Start of Records to process

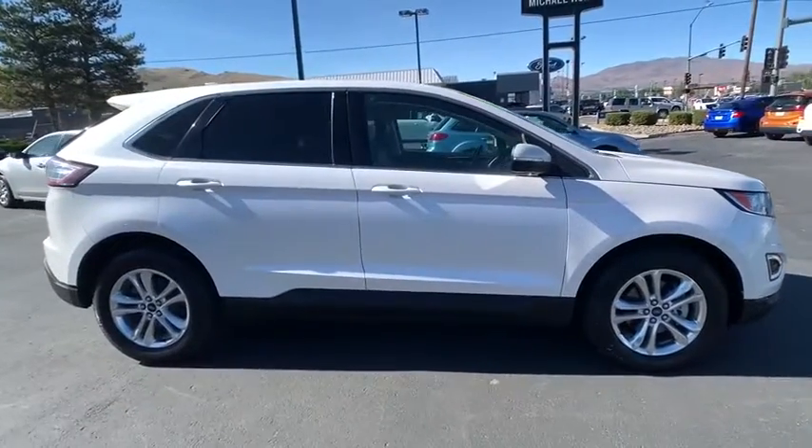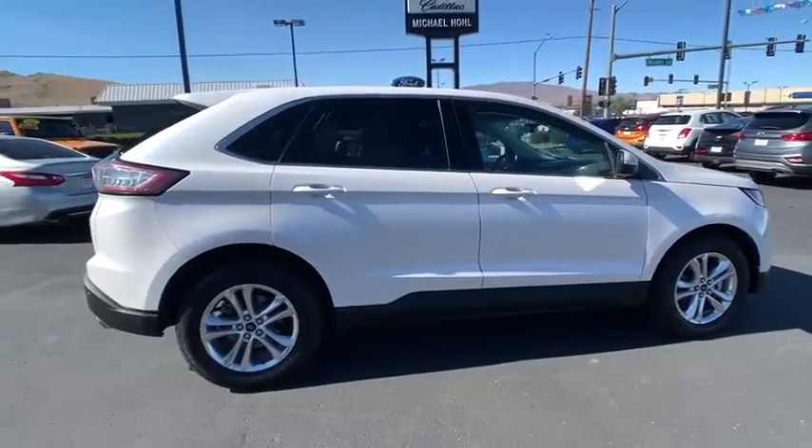This vehicle has less than 65,000 miles. Here are some of this vehicle's great options.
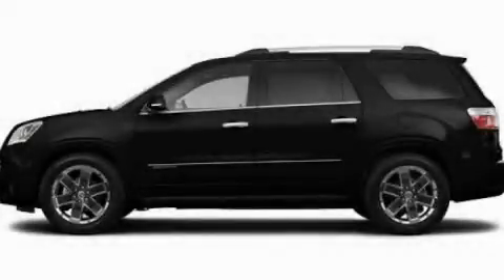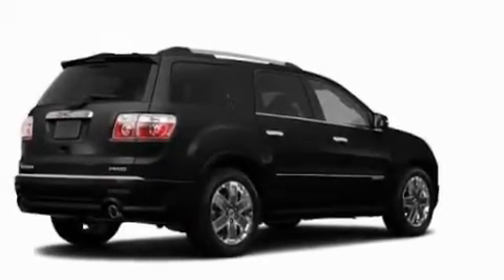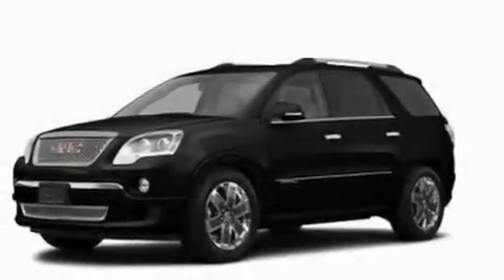This is a 2011 GMC Acadia, a luxurious package designed with the finest elements in mind. It has a 3.6-liter six-cylinder engine and an automatic transmission.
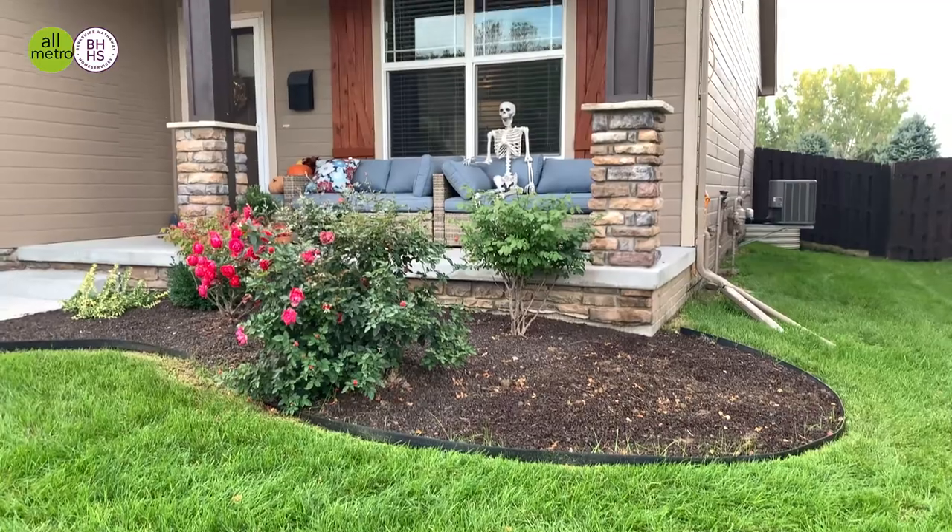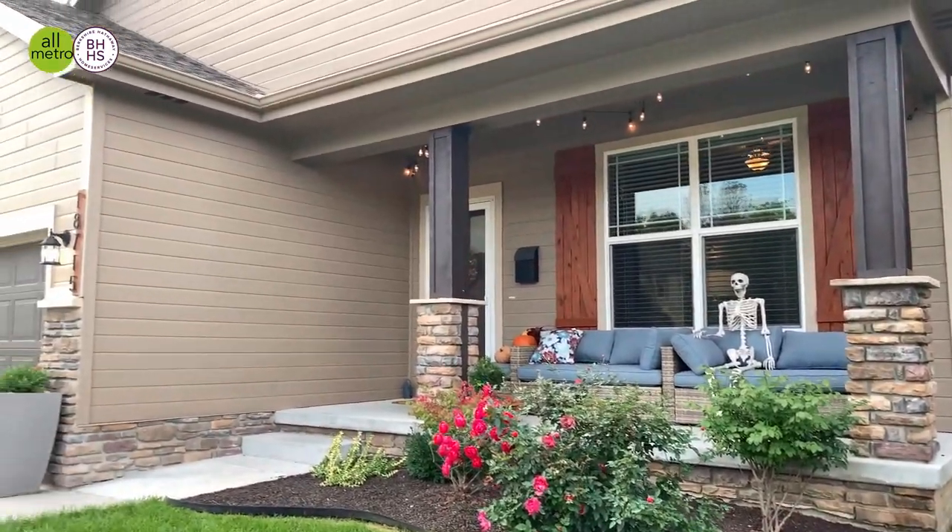I do want to highlight this cute covered porch that we have in the front, and then we have a covered porch out back. It is 100% move-in ready, so I'm anxious to show it to you. Come on in.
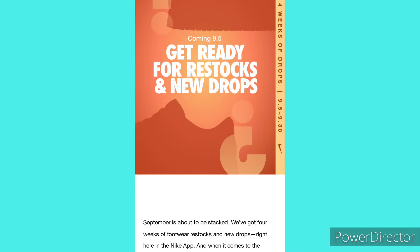All I gotta say is get ready for some restocks and new drops from Nike. And you're not just hearing that from me — I heard it from Nike themselves. If you haven't heard about the news, if you go on your Nike app and go to inbox, you should have a message in there from a few days back explaining the four weeks of drops for September with Nike. They're doing restocks all month.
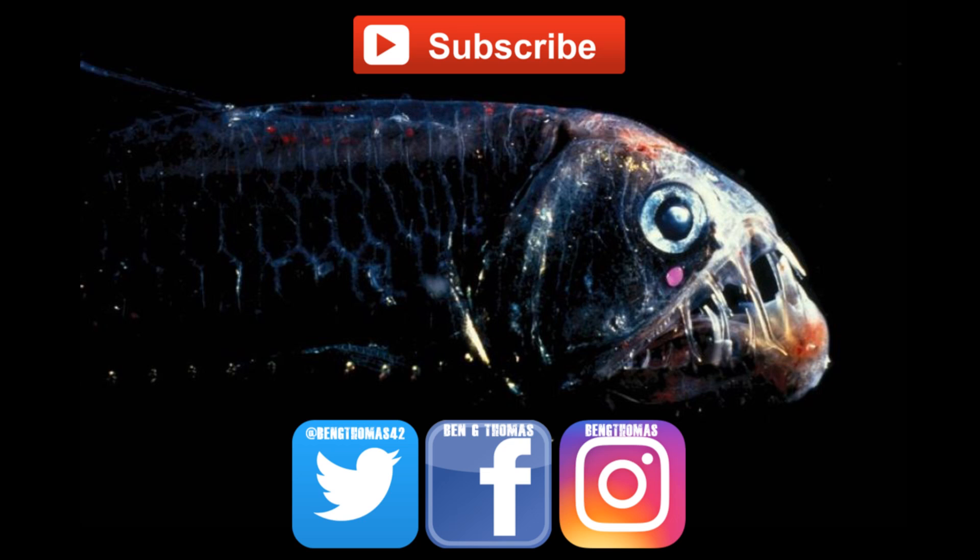I hope you enjoyed this and learned something new. Please leave suggestions for which animal you would like me to cover next, and remember to follow me on social media and subscribe for more videos like this one.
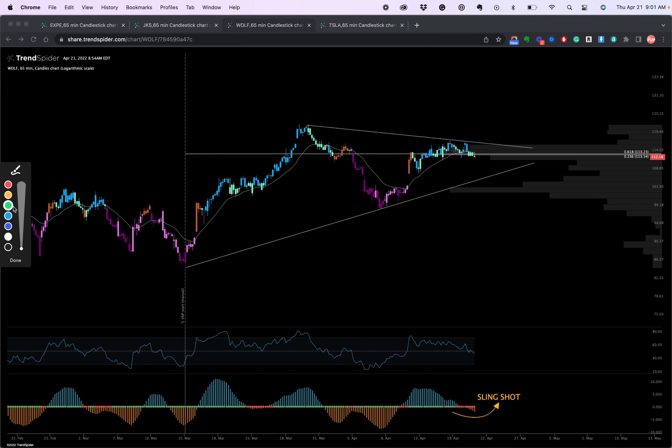Next up is Wolf, ticker WOLF. Another wedge setup: you have a high, lower high, lower high, a low, and a higher low. We're coming into — we're not quite too close to the apex yet. This could still come back and test the bottom before breaking out, or it could test the bottom and break down. These are what wedges do. So we want to look at some other indicators.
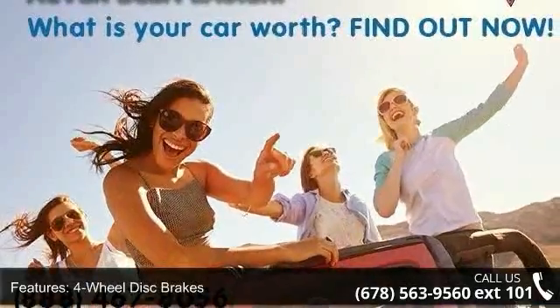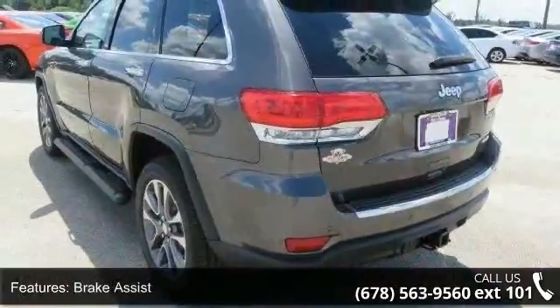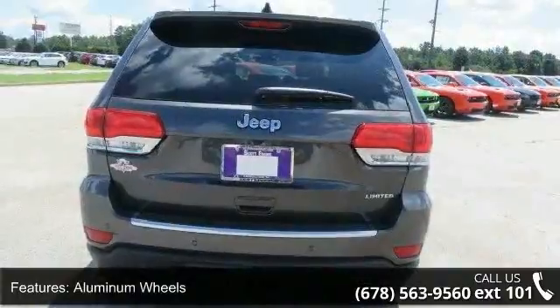Low mileage is an important factor in your purchase, and this vehicle delivers a low odometer reading. Let us put you in the driver's seat today. Call or click to schedule a test drive.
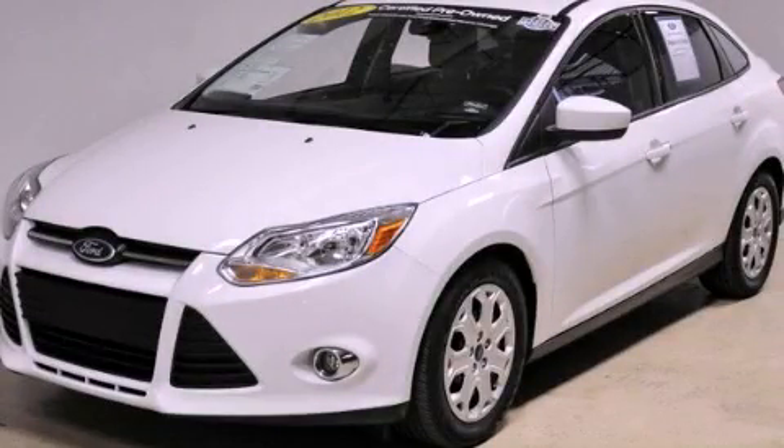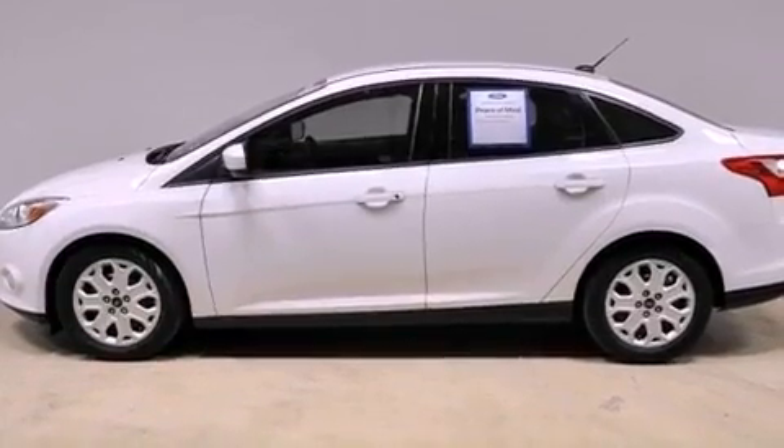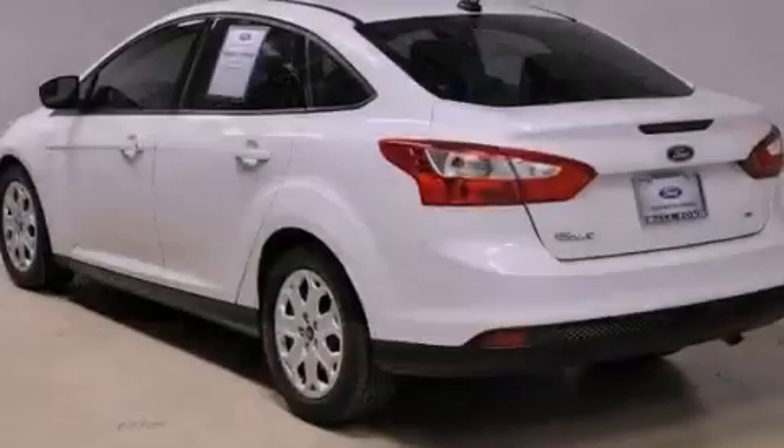This is a certified pre-owned 2012 Ford Focus. It has a 2.0-liter four-cylinder engine and an automatic transmission.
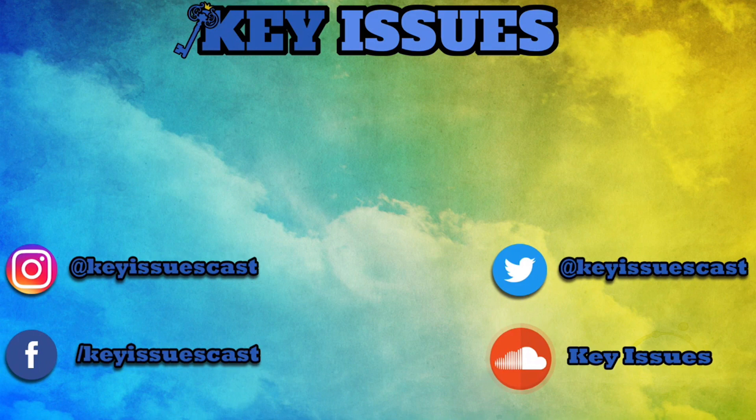Thank you guys for checking out this video. It did take me a long time — I watched a lot of documentaries and read a lot of information online and in magazines to make sure I got this right. If you did enjoy this, please drop a like on the video and leave me a comment below telling me which Batmobile was your favorite and why. This has been Nick from Key Issues, and you know the motto: Batmobiles over everything.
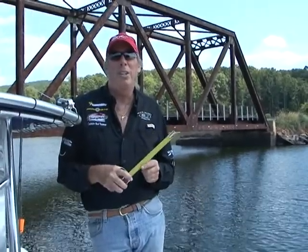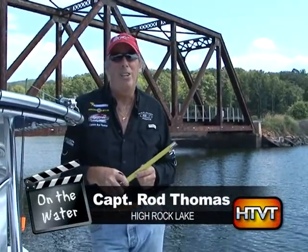Hi, this is Cabin Rod. Welcome back on the water, and today we're going to talk about bridge clearances. Now, any of you folks who play or live here on High Rock know that bridges affect where you can go and where you can have your fun when you're out on the lake here.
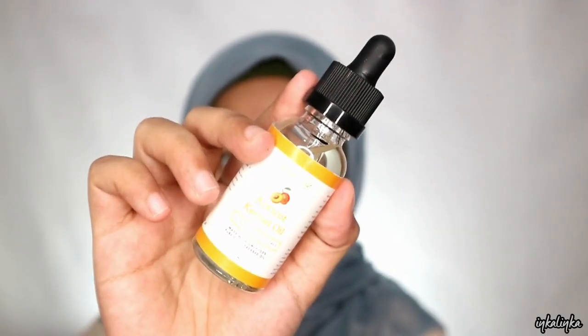First, I use face oil from Nature Give. Ini aku pakein ke seluruh muka karena muka aku tuh lagi agak kering soalnya kurang tidur karena jagain bayiku, si Nino. Jadi mukanya harus dilembabin dulu biar enak sebelum di makeup.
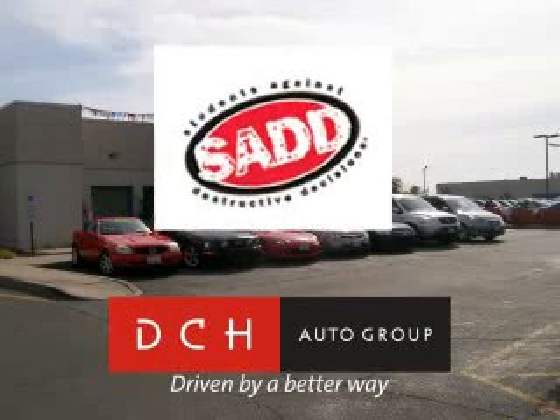DCH Auto Group is also a proud sponsor of SADD, Students Against Destructive Decisions. Call our friendly sales department or stop in for a test drive today.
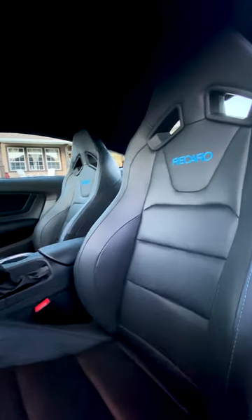I've got the Recaro seats here. There's not a lot of reviews online, but if you're at the choice and you have the option to pick them up, I highly recommend them. They're an amazing racing seat.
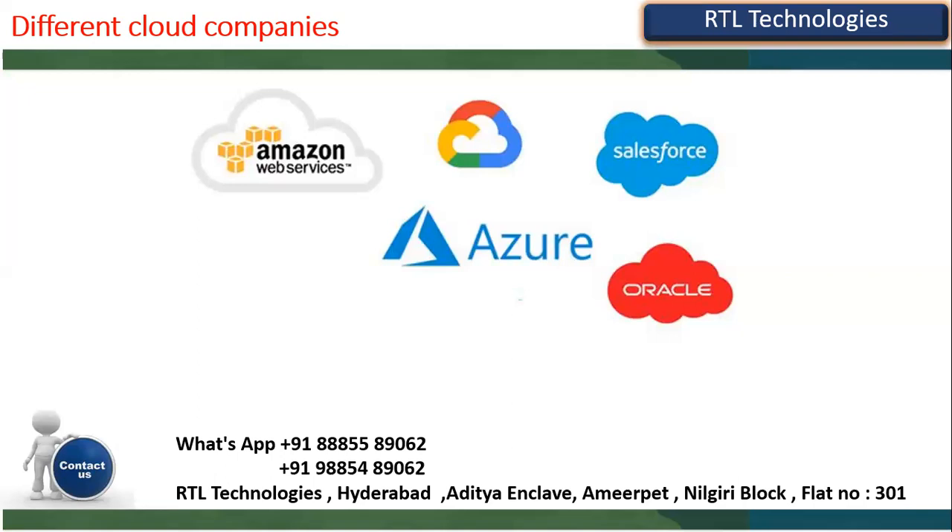Cloud companies say: instead of maintaining your own servers, move all your software to the cloud — we'll take care of it 24x7 and provide the latest applications. Seniority-wise: first is Amazon Web Services, second is Azure, third is Oracle Corporation, then Google Cloud, Salesforce, and others. Now Oracle is trying to compete with AWS because Oracle has strong tools as well as business applications.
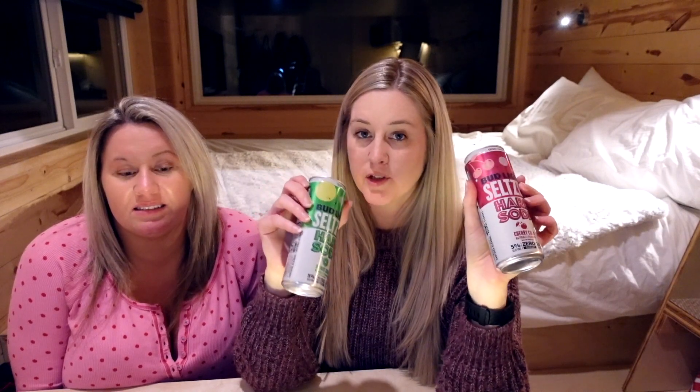Welcome back to another video guys from the getaway house. We already did the IPA — IPA Taysun — and we've done the Truly Margarita pack, and now we have the Bud Light Hard Soda pack which also just came out.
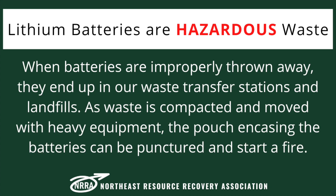When batteries are improperly thrown away, they end up in our waste transfer stations and landfills. As waste is compacted and moved with heavy equipment, the pouch encasing the batteries can be punctured and start a fire.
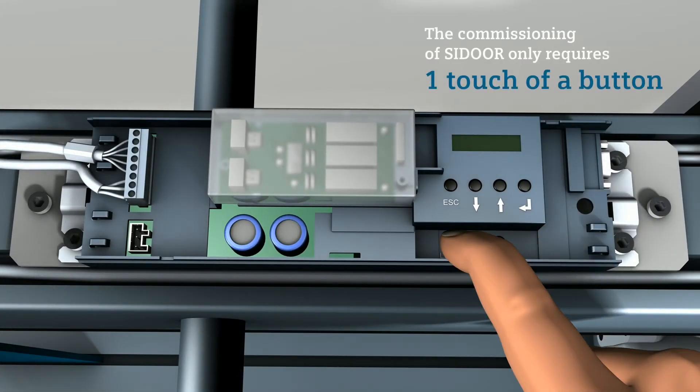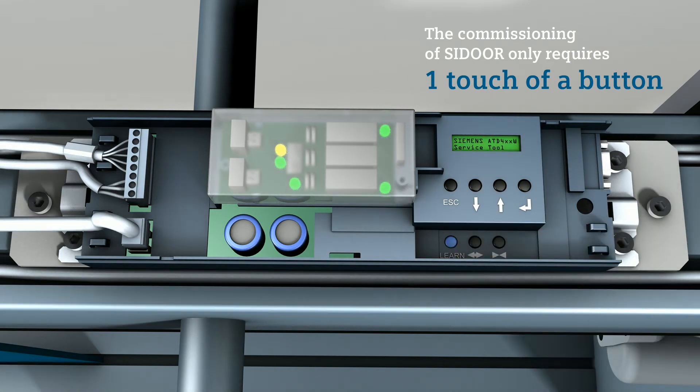Press the teach-in drive button, connect the power supply, let go of the teach-in drive button — done!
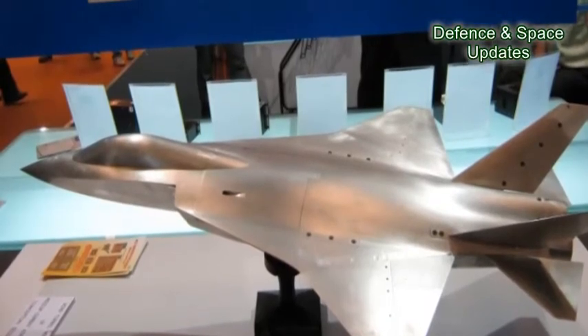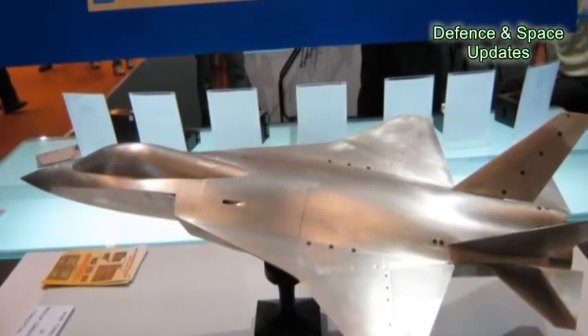System integration capabilities concerning propulsion, mechanical, electrical, flight control, and avionics would be key for final outfitting.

End of Records to process

Instructions for the task. Skip every picture and transcribe the data above exactly.

Solution to the problem.
This vehicle has less than 65,000 miles. Here are some of this vehicle's great options.
This is a 2011 GMC Acadia, a luxurious package designed with the finest elements in mind. It has a 3.6-liter six-cylinder engine and an automatic transmission.
I do want to highlight this cute covered porch that we have in the front, and then we have a covered porch out back. It is 100% move-in ready, so I'm anxious to show it to you. Come on in.
All I gotta say is get ready for some restocks and new drops from Nike. And you're not just hearing that from me — I heard it from Nike themselves. If you haven't heard about the news, if you go on your Nike app and go to inbox, you should have a message in there from a few days back explaining the four weeks of drops for September with Nike. They're doing restocks all month.
I hope you enjoyed this and learned something new. Please leave suggestions for which animal you would like me to cover next, and remember to follow me on social media and subscribe for more videos like this one.
Next up is Wolf, ticker WOLF. Another wedge setup: you have a high, lower high, lower high, a low, and a higher low. We're coming into — we're not quite too close to the apex yet. This could still come back and test the bottom before breaking out, or it could test the bottom and break down. These are what wedges do. So we want to look at some other indicators.
Low mileage is an important factor in your purchase, and this vehicle delivers a low odometer reading. Let us put you in the driver's seat today. Call or click to schedule a test drive.
This is a certified pre-owned 2012 Ford Focus. It has a 2.0-liter four-cylinder engine and an automatic transmission.
Thank you guys for checking out this video. It did take me a long time — I watched a lot of documentaries and read a lot of information online and in magazines to make sure I got this right. If you did enjoy this, please drop a like on the video and leave me a comment below telling me which Batmobile was your favorite and why. This has been Nick from Key Issues, and you know the motto: Batmobiles over everything.
Hi, this is Cabin Rod. Welcome back on the water, and today we're going to talk about bridge clearances. Now, any of you folks who play or live here on High Rock know that bridges affect where you can go and where you can have your fun when you're out on the lake here.
First, I use face oil from Nature Give. Ini aku pakein ke seluruh muka karena muka aku tuh lagi agak kering soalnya kurang tidur karena jagain bayiku, si Nino. Jadi mukanya harus dilembabin dulu biar enak sebelum di makeup.
DCH Auto Group is also a proud sponsor of SADD, Students Against Destructive Decisions. Call our friendly sales department or stop in for a test drive today.
I've got the Recaro seats here. There's not a lot of reviews online, but if you're at the choice and you have the option to pick them up, I highly recommend them. They're an amazing racing seat.
Cloud companies say: instead of maintaining your own servers, move all your software to the cloud — we'll take care of it 24x7 and provide the latest applications. Seniority-wise: first is Amazon Web Services, second is Azure, third is Oracle Corporation, then Google Cloud, Salesforce, and others. Now Oracle is trying to compete with AWS because Oracle has strong tools as well as business applications.
Welcome back to another video guys from the getaway house. We already did the IPA — IPA Taysun — and we've done the Truly Margarita pack, and now we have the Bud Light Hard Soda pack which also just came out.
When batteries are improperly thrown away, they end up in our waste transfer stations and landfills. As waste is compacted and moved with heavy equipment, the pouch encasing the batteries can be punctured and start a fire.
Press the teach-in drive button, connect the power supply, let go of the teach-in drive button — done!
System integration capabilities concerning propulsion, mechanical, electrical, flight control, and avionics would be key for final outfitting.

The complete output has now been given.